Sur les photos d'archives, une foule compacte de joyeux baigneurs se presse sur l'étroit banc de sable qui descend en pente douce vers l'eau.

Dans la rivière, un bassin en béton délimite la zone de baignade, agrémentée d'un plongeoir. Derrière, un bâtiment permet de se changer à l'abri des regards.

Parmi les dizaines de lieux de baignade recensés autour de la capitale, de simples rebords en béton d'où les riverains plongeaient pouvaient aussi hériter du nom très officiel de «baignade».

Dès la fin du XIXe siècle, les lignes de chemin de fer qui desservent des gares proches des rives permettent aux Parisiens de passer le dimanche au bord de l'eau.

Dans les années 1920 puis 1930, mairies ou entrepreneurs particuliers institutionnalisent ces espaces, souvent entourés de guinguettes où l'on danse le musette, de terrains de minigolf, de marchands de glaces...

- «Pasticher les plages» -

«L'idée de plages de sable, de s’étendre au soleil, d’un espace plus ludique avec un aménagement sur le rivage est vraiment liée au tourisme balnéaire, destiné à des gens qui n’ont pas les moyens de partir en vacances loin et longtemps», rappelle Isabelle Duhau, cheffe de projet chargée de recensée le patrimoine culturel au sein du ministère français de la Culture.

Alors «gamin du coin» de Villennes-sur-Seine (au nord-ouest de Paris), Georges Parot se souvient qu'il allait avec ses copains «voir tous ces Parigots» (appellation populaire des Parisiens) profiter de la plage de l'île de Médan, où il nageait avec son école dans la piscine installée sur la rive.

«Ah, c'était la folie!» s'exclame-t-il. «A une heure du matin y’avait encore les Parisiens qui s’en allaient en voiture, ils étaient cul-à-cul, c’était incroyable!»

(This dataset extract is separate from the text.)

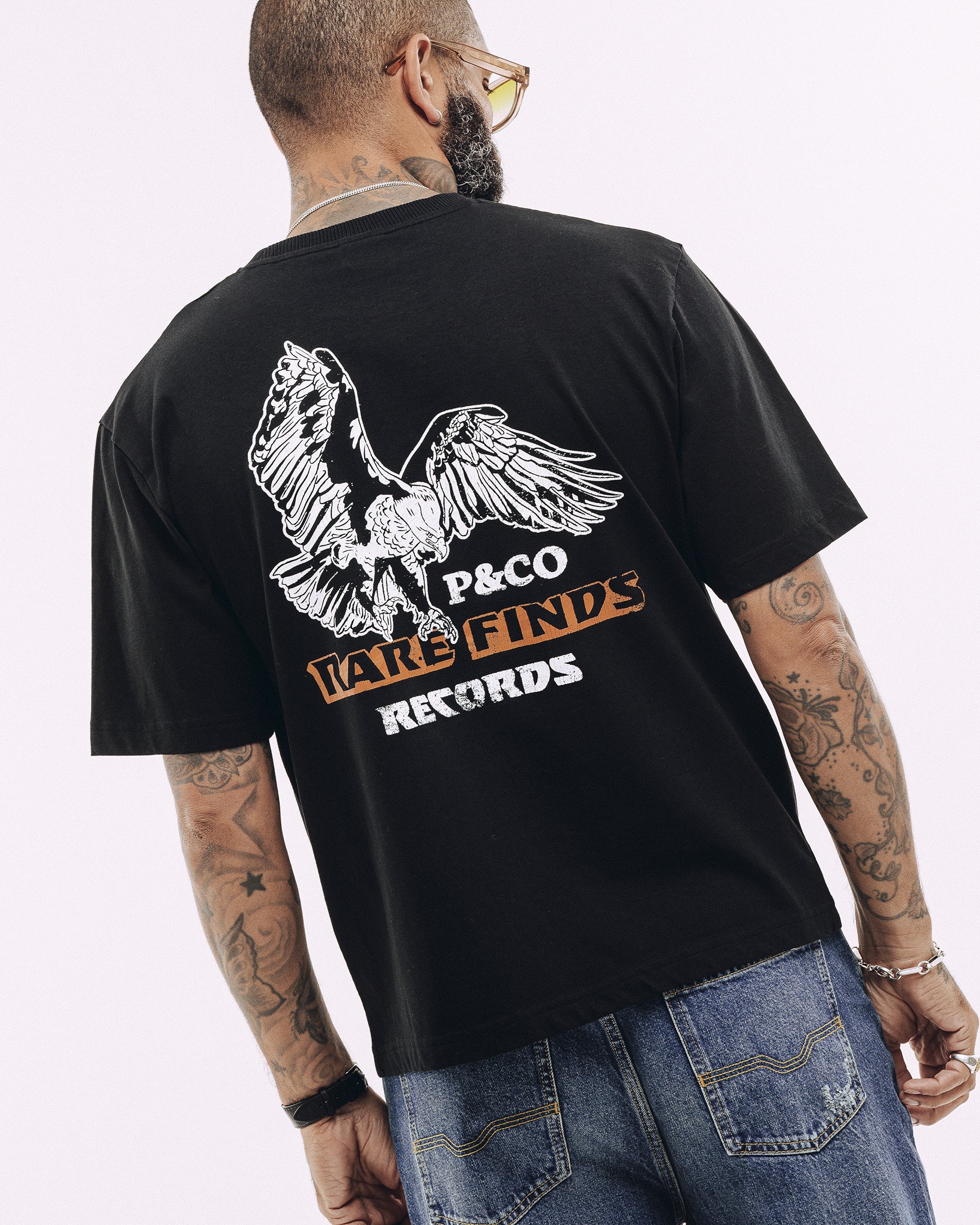 Rare Finds Boxy T-Shirt - Washed Black - Image 5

Pour la petite Rosine, patauger sur les bords de Marne était une manière d'aller «à la plage» malgré le peu de moyens de ses parents, employés de grands magasins parisiens.

A quelques kilomètres voire mètres de chez eux, les baigneurs pouvaient avoir l'impression d'un vrai-faux «littoral», note Thomas Deschamps, auteur d'un livre sur les baignades qui a grandi sur la Marne à Saint-Maur-des-Fossés (au sud-est de Paris).

Tout, de l'architecture des plages à leurs noms ("Le Petit Trouville», «Deauville à Paris") en passant par la voirie ("quai de la Rive charmante» à Noisy-le-Grand), tente de faire oublier la proximité de la capitale.

«On importe du vocabulaire de Cannes, de Nice (dans le sud-est de la France), on va pasticher les vraies plages dans une sorte d'exotisme littoral normand ou méditerranéen», détaille Vincent Villette, directeur du musée intercommunal de Nogent-sur-Marne.

- Pollution -

A partir des années 1960, la baignade est interdite dans la Seine autour de Paris – où elle n'est déjà pas autorisée depuis longtemps. Puis en 1970, c'est au tour de la Marne: un arrêté préfectoral évoque un «danger pour la santé publique en raison de sa pollution».

C'est le glas de l'âge des bals et du canotage, de la légèreté des vacances dans la nature, aux portes de la capitale.

Michel Riousset se souvient avoir vu la faune et la flore s'appauvrir à Champigny-sur-Marne.

«La Marne était très noire... Quand on sortait les bateaux, il fallait les mettre sur des tréteaux parce que les coques étaient gluantes à cause des hydrocarbures», décrit-il.

La création massive de piscines et le développement de l'automobile finissent de détourner les riverains de la Seine et de la Marne.

Subsistent aujourd'hui le long des berges de rares vestiges en béton, souvent coûteux à détruire.

«J'y suis retourné avec des amis en voiture mais j'étais malade de voir ça», confie Georges Parot à propos du site de Villennes-sur-Seine – où depuis les rives ont été aménagées et la nature a commencé à reprendre ses droits.

En attendant l'ouverture d'une trentaine de sites de baignade répartis sur 26 communes à et autour de Paris sur la Seine et la Marne promise à partir de 2025.